Many smart contract wallets deploy a multi-signature security approach which enables users to add additional users to their wallet who can approve and sign transactions. At a minimum, two signatures are required. A trusted user can be a friend, a secondary wallet, or a third party who will typically have the ability to participate in any of the wallet owner actions. As a signer/approver, a trusted user can help recover the wallet in the event of compromise or when the owner cannot access it.
Additional functionality that smart contract wallets enable include but aren’t limited to; account freezing, transaction limits, transfer limits, multi-factor authentication, allowlisting, trusted parties, bundled transactions, and paid gas fees depending on the vendor offerings.

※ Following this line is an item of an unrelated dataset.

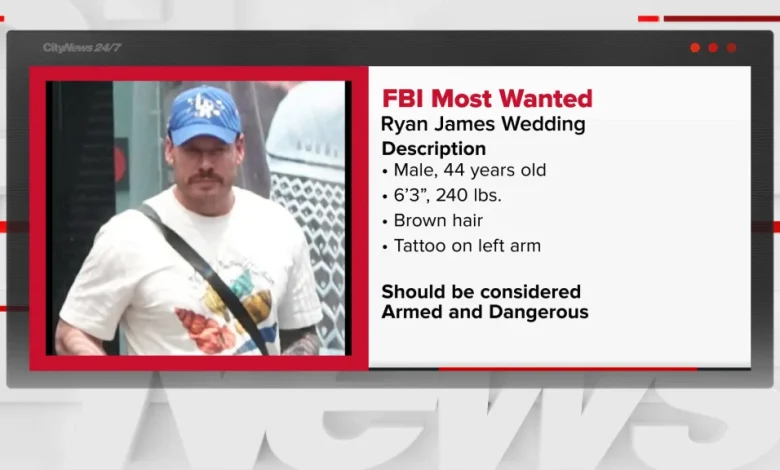 'Modern day Pablo Escobar': 7 Canadians charged in relation to alleged drug lord Ryan Wedding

Smart Contract Wallet Security Risks
Any additional flexibility features being offered with wallet products come with trade-offs. Since smart contract wallets are smart contracts (code written by humans), many of the same risks we see inherent to smart contracts apply. Many of the top ten Smart Contract Risks fall into three main categories: Operational Risk, Implementation Risk, and Design Risk and are applicable to many of the smart contract wallets on the market today.
- Operational risks: these involve access, authorization, and privilege escalation risks that can be exploited when logic in the code is insufficient or flawed Examples include: Escalation of owner privileges, by-passing signers/approver, allowing an owner to also be a signer/approver, and the ability to change configurations arbitrarily.
- Implementation risks: these are errors that can result in unintended smart contract wallet behavior. Examples include: Unauthorized transfers or activities, bypassing limitations on transfers or other money movement activities, activities that can take place with none of the intended controls (locking, recovery, etc.), incorrect signatures, connecting to dApps without permission, restoring removed dApps, and signing malicious transactions.
- Design risks: these encompass wallet design features that are exploited to alter the intended smart contract behavior. Examples include: functions that can be triggered that are not defined in the code, asynchronous transaction processing, replay functions, return statement, and callback functions.